Exercise brief -
Write out the following listing's lines from the one with "MLS Image #49" to the one with "used 2018 Honda", exactly, with both included and no others.

Supplied material -
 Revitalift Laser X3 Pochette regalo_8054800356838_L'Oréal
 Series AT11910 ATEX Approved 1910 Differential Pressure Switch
---
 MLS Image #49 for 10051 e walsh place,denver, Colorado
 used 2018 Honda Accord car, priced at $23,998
...
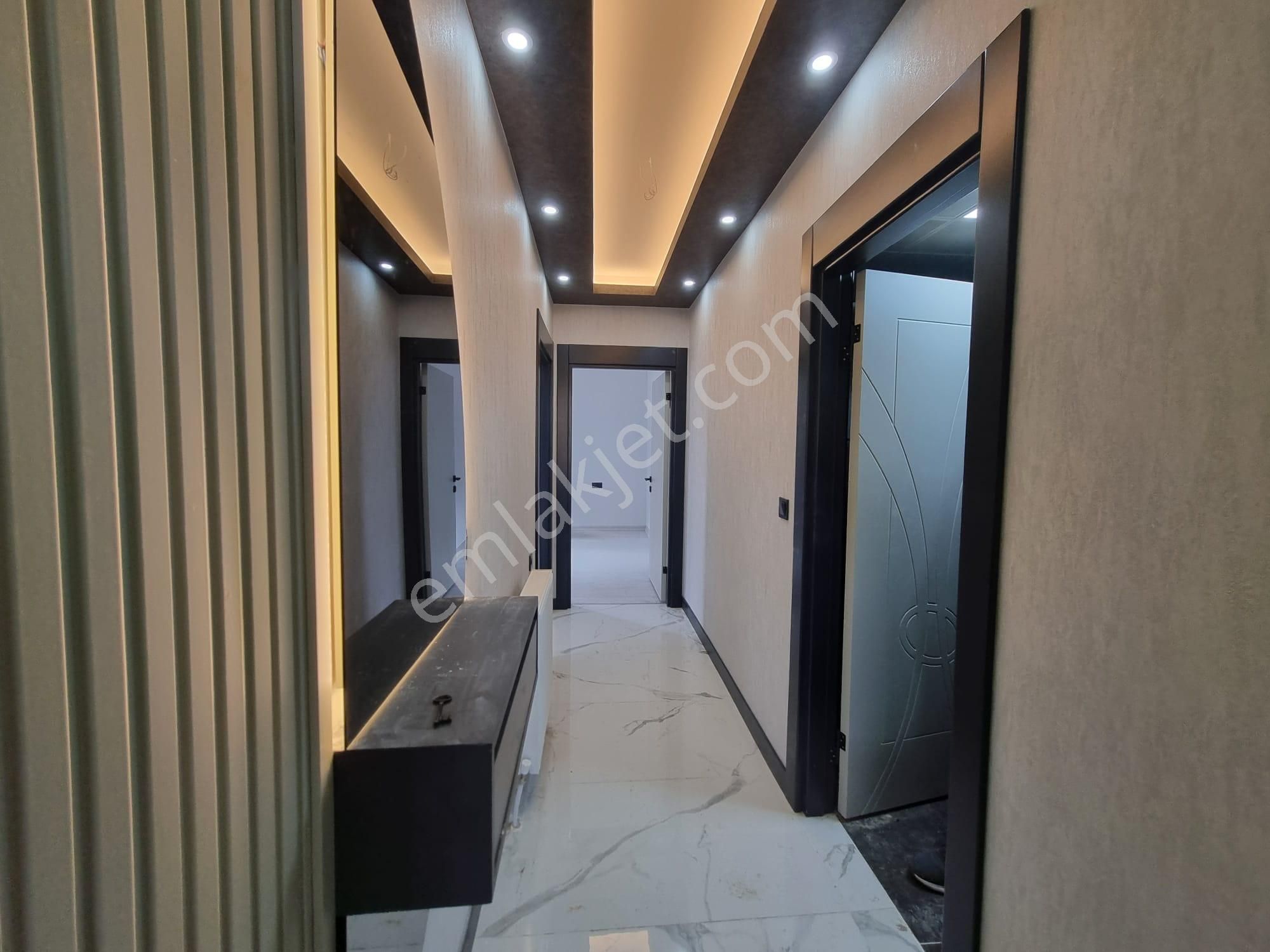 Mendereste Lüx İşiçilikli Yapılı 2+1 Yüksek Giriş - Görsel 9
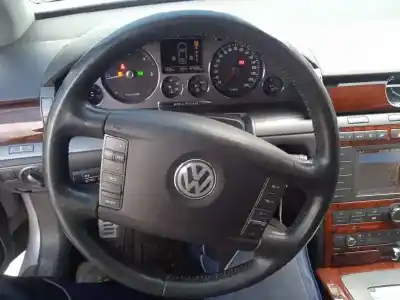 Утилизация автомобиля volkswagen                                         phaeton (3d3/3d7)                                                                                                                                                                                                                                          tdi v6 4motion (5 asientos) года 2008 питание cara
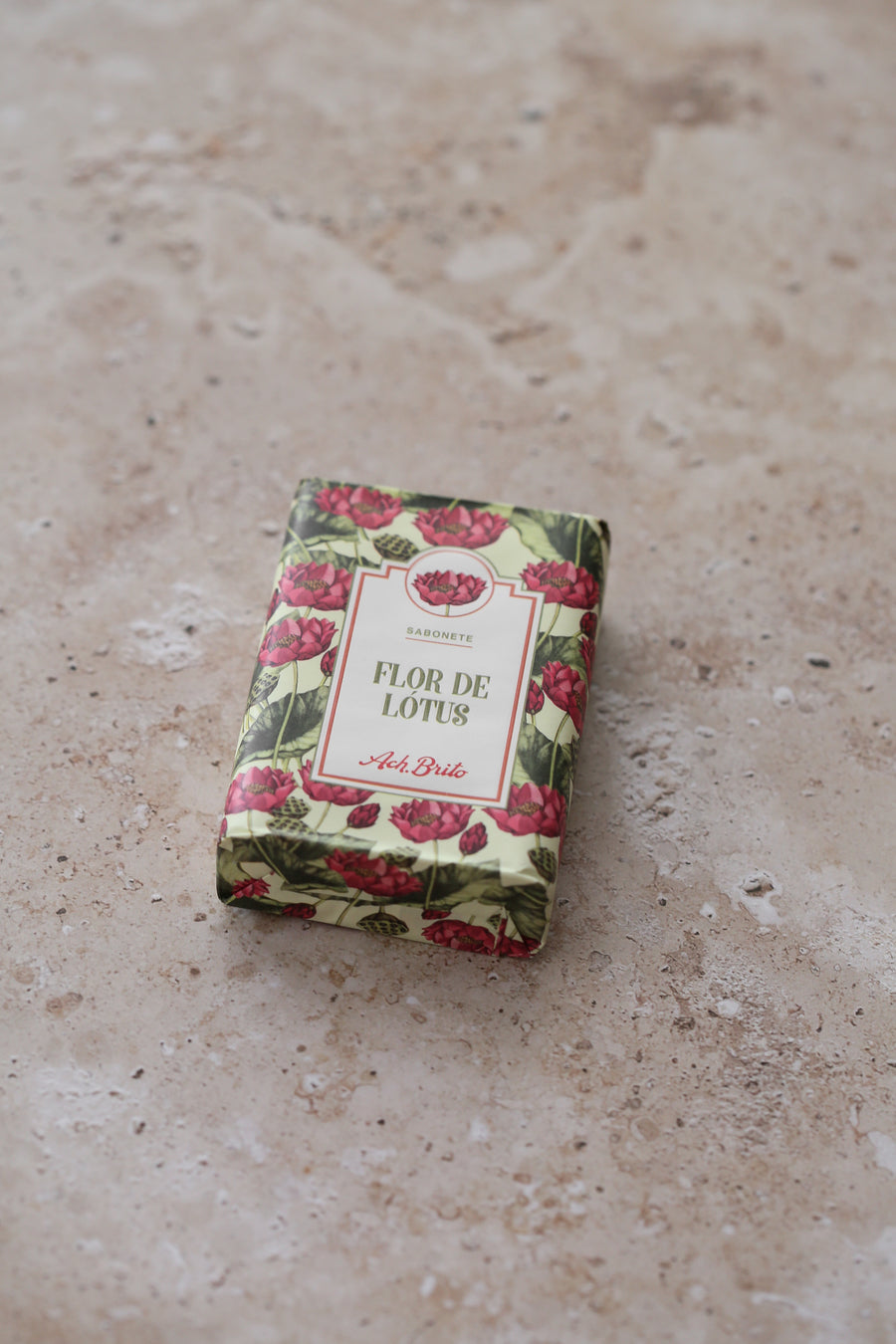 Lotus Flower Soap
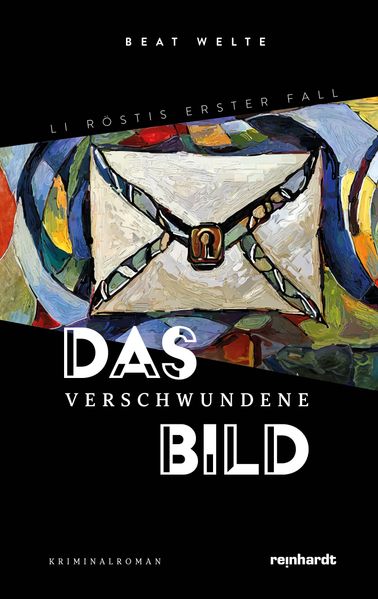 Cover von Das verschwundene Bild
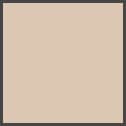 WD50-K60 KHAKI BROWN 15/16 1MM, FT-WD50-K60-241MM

Solved problem -
 MLS Image #49 for 10051 e walsh place,denver, Colorado
 used 2018 Honda Accord car, priced at $23,998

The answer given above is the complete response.